# Metaphor Behind Pokémon



## Coroxn (Jul 6, 2011)

*Metaphor Behind Pokémon*

Lots of people think that some Pokémon harbour hidden morals and metaphors. For example, my friend and I discovered that all of Koffing's sprites were smiling, but all Weezing's were frowning, which could be a metaphor for how young smokers enjoy the act of smoking, but end up paying for it in later life. Anyone else find any things like this?


----------



## I liek Squirtles (Jul 6, 2011)

*Re: Metaphor Behind Pokémon*

Oh! Glameow and Purugly! Like some people are beautiful on the outside, but horrendus on the inside.


----------



## Coroxn (Jul 6, 2011)

*Re: Metaphor Behind Pokémon*

Wow, I never did see that. Well done! 
Feebas and Milotic are kinda the reverse of this, aren't they?

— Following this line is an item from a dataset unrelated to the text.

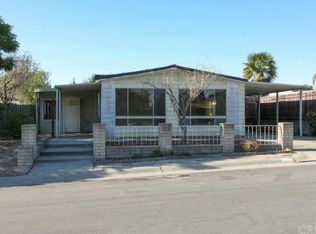 209 Lema Dr #0, Nipomo, CA 93444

Magikarp to Gyrados is the whole emotional growth thing, how 
even if you think you're useless you can be strong. That's the
general idea, anyhow.


----------



## Cloudsong (Jul 6, 2011)

*Re: Metaphor Behind Pokémon*

Bagon to Shelgon to Salamence<3 Love that one. If you dream of something, don't give up on it, keep going for it and your dream will come true~


----------



## Glace (Jul 7, 2011)

*Re: Metaphor Behind Pokémon*

Ducklett --> Swanna

Ugly and unwanted by others, yet ending up a blooming and adored flower.


----------



## shadow_lugia (Jul 7, 2011)

*Re: Metaphor Behind Pokémon*

Abra -> Kadabra -> Alakazam

If you laugh at something that is useless, then it will grow up and _beat the crap out of you with its mind._


----------



## Eta Carinae (Jul 7, 2011)

*Re: Metaphor Behind Pokémon*



shadow_lugia said:


> Abra -> Kadabra -> Alakazam
> 
> If you laugh at something that is useless, then it will grow up and _beat the crap out of you with its mind._


This sort of works with the Beldum line as well


----------



## Superbird (Jul 7, 2011)

*Re: Metaphor Behind Pokémon*



shadow_lugia said:


> Abra -> Kadabra -> Alakazam
> 
> If you laugh at something that is useless, then it will grow up and _beat the crap out of you with its mind._


...One could put the Magikrap --> Gyarados thing under that description as well.


----------



## Eloi (Jul 7, 2011)

*Re: Metaphor Behind Pokémon*

Kyurem is a metaphor for 9/11?

...just kidding, though a lot of people do think that.

Perhaps the Pokemon franchise in general promotes individualism (consider how young children are allowed to roam by themselves with lots of power that they always control well and never get hurt), as well as secular-rational values by demonstrating evolution, cloning, and technology in general as functional and real in contrast with mythology, which the myths are always misunderstandings related to Pokemon (e.g. the legendaries), with Arceus, the Supreme Being of Pokemyth, being nothing more than a domestication-compatible animal, like all the others. It is for this reason that this forum (and the fanbase in general) has somewhat of a liberal-individualist political slant.


----------



## sv_01 (Jul 7, 2011)

*Re: Metaphor Behind Pokémon*

I think Arceus and Giratina symbolize body and mind. Arceus is a Normal-type in its basic form and has many forms, but they all look almost the same and they just fit different occassions, representing how people dress differently in different situations. Giratina is part Ghost, but also part Dragon to make it even stranger. It has two forms, and uses one in the normal world and the other in its own world. They both look strange, but the one it uses in its own world looks stranger and fiercer. Doesn't that look like the difference between what really is going on in your head and the approximation other people make of it? Or maybe just formulation and meaning, but that's similar.


----------